El eco del catequista

Compartir

Cuando tenía unos 8 años con un grupo de primos nos entreteníamos jugando al eco. En el campo de mi abuela había un arroyo y del otro lado una pared alta de roca que, por esas cosas de la resonancia, repetía lo que le decíamos. Ahí desarrollábamos la creatividad para tener conversaciones divertidas con nuestro vecino el eco. Por ej. gritábamos ¡Enrique! Y el eco devolvía qué, preguntábamos ¿hay vino? Y escuchábamos no, ¿tenés bici? Y contestaba ¡si!. Largos ratos pasábamos inventando palabras de modo de conversar con aquella pared que repetía fielmente lo que le decíamos.

La palabra catequesis tiene una raíz griega que significa dar instrucciones en voz alta, resonar, hacer eco.

Pensando en primera persona, el catequista es quien nos mostró la fe, nos educó en la religión, nos enseñó a rezar, nos preparó para los sacramentos, nos invitó con su testimonio a ayudar a los demás.

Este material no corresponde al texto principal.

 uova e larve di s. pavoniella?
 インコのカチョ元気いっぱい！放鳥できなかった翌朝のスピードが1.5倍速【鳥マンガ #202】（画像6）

La misión del catequista es anunciar el Kerigma, la buena noticia de Cristo resucitado. Es quien recibe el llamado de ir por todo el mundo a anunciar el Evangelio a todos[1], llamado que no es un trabajo sino un estilo de vida. No se trata de transmitir las enseñanzas de un libro; ser catequista es mostrar con la vida el amor de Dios, por aquí comienza la misión de evangelizar: mostrar a los demás que son amados por Dios desde la propia experiencia de esa misericordia. Acudiendo a la imagen del eco, el catequista tiene que ser una roca firme que se haga eco de las enseñanzas de Jesús.

La tarea del catequista es la respuesta al bautismo, es el camino del hijo de Dios, es el discípulo misionero que no se guarda los talentos sino que los fructifica y siembra la semilla aún en campos áridos. Lo primordial es estar con Jesús, contemplarlo, dejarse querer y abrazar por Él, despertar el deseo de darlo a los demás, hacerse roca que no se altera ante las tormentas. Hacerse cargo del don del Bautismo, de ser Iglesia que peregrina y que contagia este estilo de amar y reparar corazones, de mostrar a Jesús resucitado. Después vendrá la formación, el estudio, la preparación y la creatividad para que el eco sea lo más coherente posible.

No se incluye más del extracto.